Remote monitoring of ALS patients at home
Remote Home Assessment of Patients With Amyotrophic Lateral Sclerosis
This study is testing a new way to monitor the health and symptoms of people with ALS at home using special devices to see how their condition changes over time.
Quick facts
| Study type | Observational |
|---|---|
| Enrollment | 20 (estimated) |
| Ages | 18 Years and up |
| Sex | All |
| Sponsor | King's College London Academic / other |
| Locations | 1 site (London) |
| Trial ID | NCT06046599 on ClinicalTrials.gov |
What this trial studies
This observational study aims to develop innovative methods for remotely monitoring the health and symptoms of individuals living with amyotrophic lateral sclerosis (ALS) from their homes. It will integrate a new muscle monitoring device into an established home monitoring platform, allowing for the collection of data on muscle activity, patient behavior, physiology, and sleep quality. Participants will have passive sensors and internet-enabled medical devices installed in their homes for one year, with some requiring daily engagement. The goal is to establish a home-based multimodal biomarker that can track the neurodegenerative process in ALS, addressing the need for reliable measures of disease progression.
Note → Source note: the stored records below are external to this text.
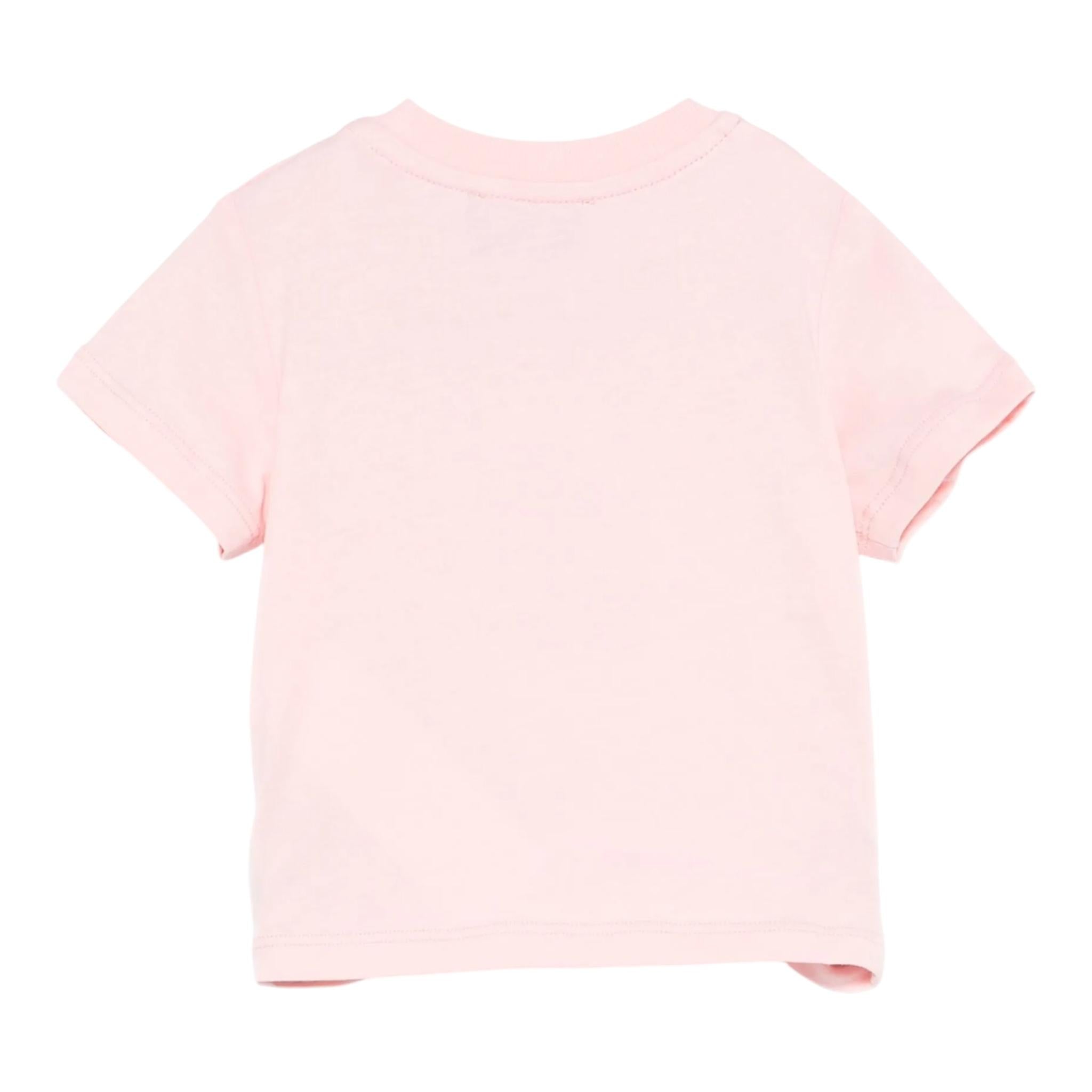 Moschino T-Shirt Girocollo Tinta Unita con Orso per Neonata MFM047 ROSA MOSCHINO 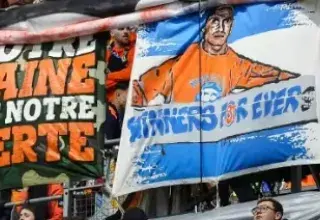 Supporters de l'Olympique de Marseille au stade Vélodrome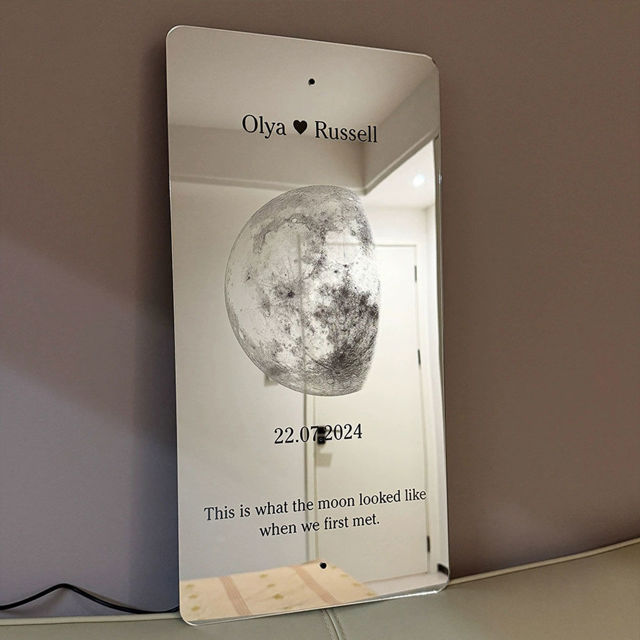 Picture of Personalized Moon Phase Mirror Sign - Couples Anniversary Moon Phase Mirror with Names and Text - Best Gifts for Boyfriend, Girlfriend and Family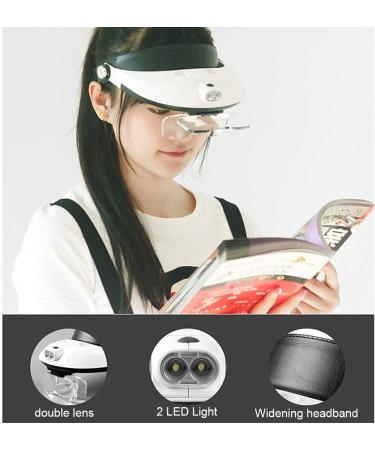 Magnifier Headband with LED Light Magnifying Glasses for Eyelash Extensions with 5 Different Lenses Magnifier for Reading Hands Free - Buy Online on GoSupps.com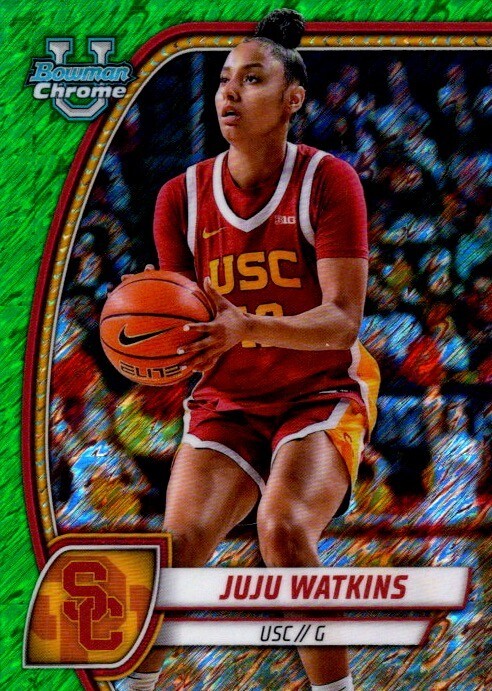 JUJU WATKINS 2024-25 Bowman Chrome U Green Shimmer USC Trojans Card #37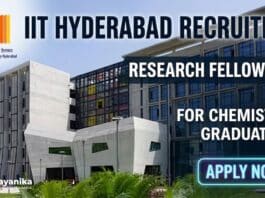 IIT Hyderabad Recruitment | JRF Job & Research Fellowship for Chemistry Graduates | Apply Now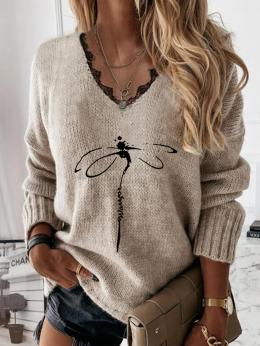 Damen Lässig Herbst Libelle Weit Jersey Langarm Regelmäßig H-Linie Spitzenrand Pullover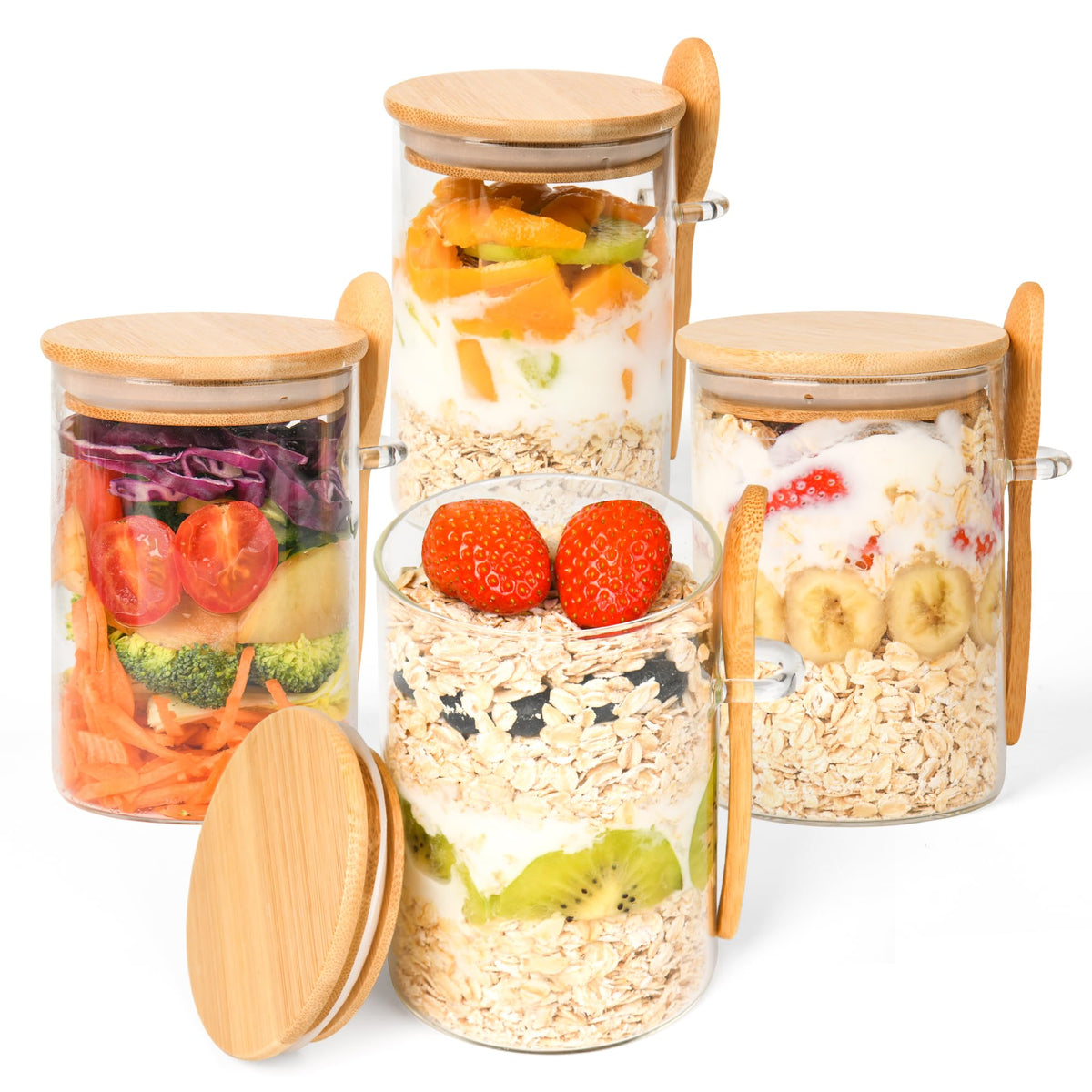 Xileanalee overnight oats container 4-pack, ideal for efficient morning meal prep.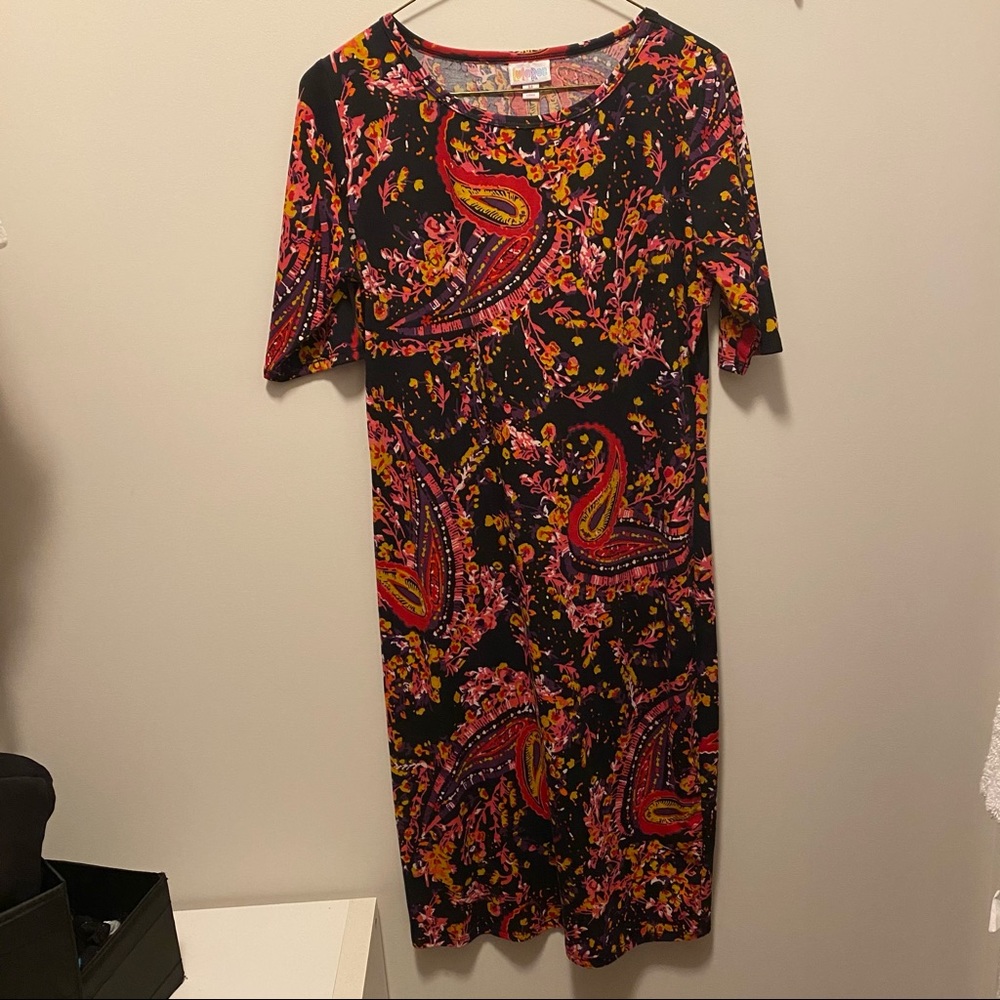 LuLaRoe Julia Dress Paisley EUC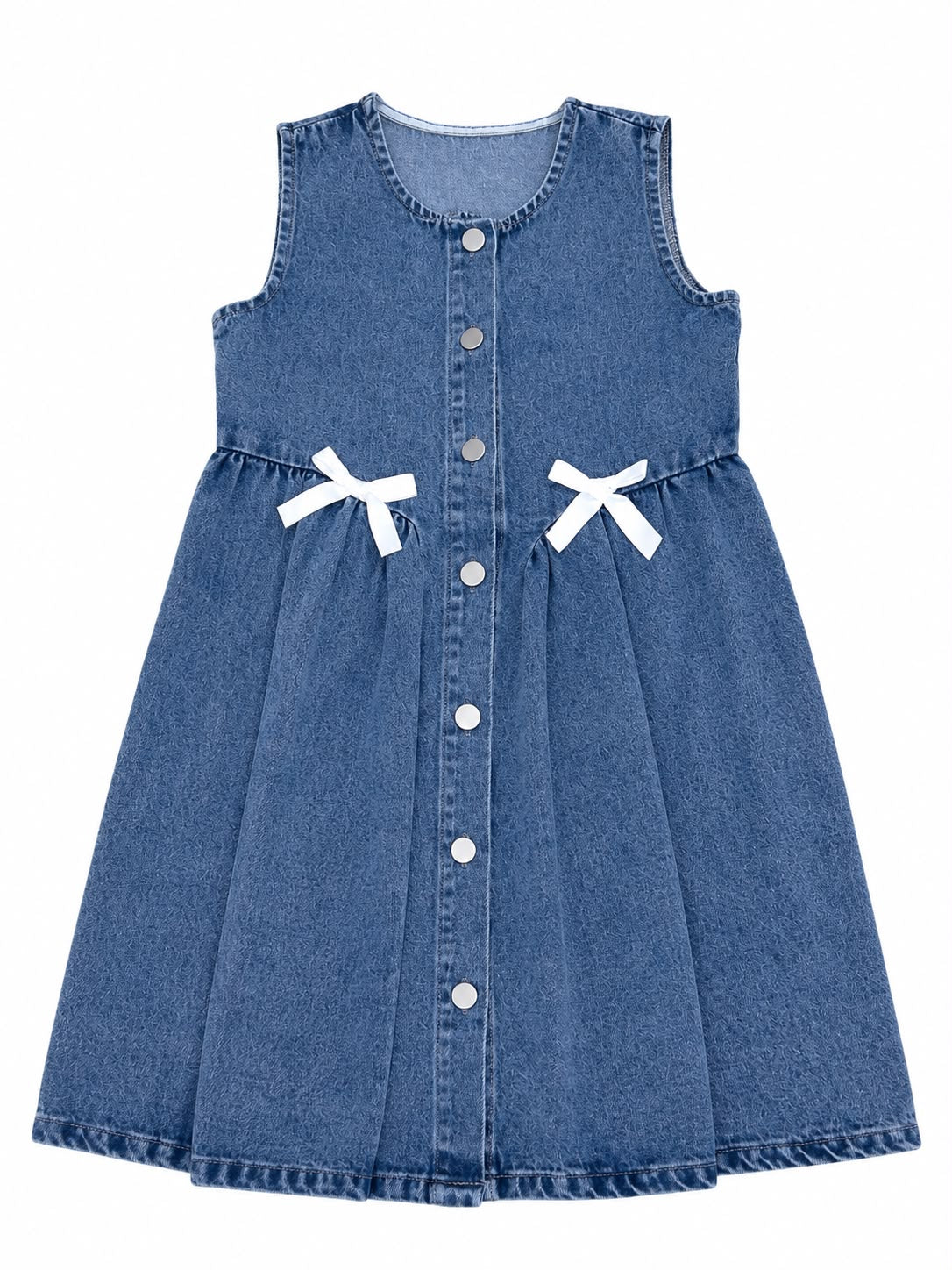 Vestido niña de mezclilla con botones y moños decorativos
Who should consider this trial
Good fit: Ideal candidates are adults aged 18 and older, diagnosed with ALS within the last 36 months, and capable of ambulation.
Not a fit: Patients who are wheelchair-bound or have a recent diagnosis of ALS may not benefit from this study.
Why it matters
Potential benefit: If successful, this study could provide a more effective way to monitor ALS progression, potentially leading to improved treatment strategies.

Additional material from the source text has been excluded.